Os manifestos assinados e publicados por empresários e grupos do agronegócio e do mercado financeiro nos últimos dias, apontam para um visível “desembarque silencioso” de parte da elite econômica brasileira da base de apoio do governo Bolsonaro.
A avaliação é do economista José Roberto Mendonça de Barros, secretário de Política Econômica do Ministério da Fazenda entre 1995 e 1998, fundador da consultoria MB Associados, em funcionamento desde 1978, e membro do conselho de diferentes empresas.
O “desencanto” de parte do mercado financeiro e de empresários com o governo se aprofundou nas últimas semanas diante do que ele considera uma virada no cenário político e econômico.
À tramitação atrapalhada da reforma do imposto de renda e à proposta de parcelamento de precatórios com o intuito de turbinar um novo Bolsa Família se misturaram a antecipação da sucessão presidencial, o aumento da inflação e dos juros e, agora, uma crise hídrica e energética.
O resultado foi o aumento do dólar, queda da bolsa e elevação das taxas de juros futuros (que mostram a expectativa do mercado em relação à Selic nos próximos anos e acabam sendo um termômetro da percepção de risco do país).
“Isso que aconteceu nas últimas duas, três semanas é que essa realidade se abateu no mercado financeiro.
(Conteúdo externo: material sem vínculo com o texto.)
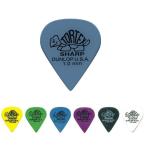 Jim Dunlop ギターピック Tortex Sharp 412 0.73,0.88,1.0,1.14,1.35,1.50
Houve uma revisão generalizada de cenários“, diz Mendonça de Barros em entrevista à BBC News Brasil.
“Estamos falando de outro mundo, outro cenário, em que finalmente o mercado financeiro capitulou.“
E é cada vez mais difícil pensar em uma reversão, diz ele, com a entrada precoce do elemento da sucessão presidencial de 2022 no jogo.
“O executivo puxou essa discussão e agora não tira mais. Então, nós vamos com isso até outubro do ano que vem. Com as incertezas, as pressões (…) o que só reforça esse cenário de desaceleração“, pontua.
Diante desse contexto, de certo modo, criado pelo próprio governo, a decepção da elite empresarial e econômica do país com o governo foi ganhando novos contornos.
“Já existe um bom desembarque. Para a maior parte desses agentes, isso é feito de forma silenciosa (…) atualmente, porém, não mais tanto. Aquele primeiro manifesto, em que todo mundo foi na [pessoa] física, havia empresários de peso ali.“
Mendonça de Barros se refere ao manifesto “Eleições serão respeitadas“, uma reação às ameaças do presidente às eleições no próximo ano.
Ainda que não tenha sido tornado público, o movimento seria mais um indicativo de que já há um desembarque desse grupo: “Eu sou testemunha disso, no mundo que eu consigo olhar, do qual eu consigo falar, é exatamente isso, um desencanto“.
Recentemente sete entidades do agronegócio lançaram um manifesto em defesa da democracia que disse que o Brasil não poderia se mostrar à comunidade internacional “como uma sociedade permanentemente tensionada em crises intermináveis ou em risco de retrocessos e rupturas institucionais“.
Mendonça de Barros diz que “ninguém está encantado pela esquerda“, mas que há cada vez mais uma visão de que o caminho pelo atual governo tampouco é uma solução. “E aí todo mundo fica pensando e sonhando com o que se convencionou chamar de terceira via, algo tão desejável quanto difícil de se pôr em pé.”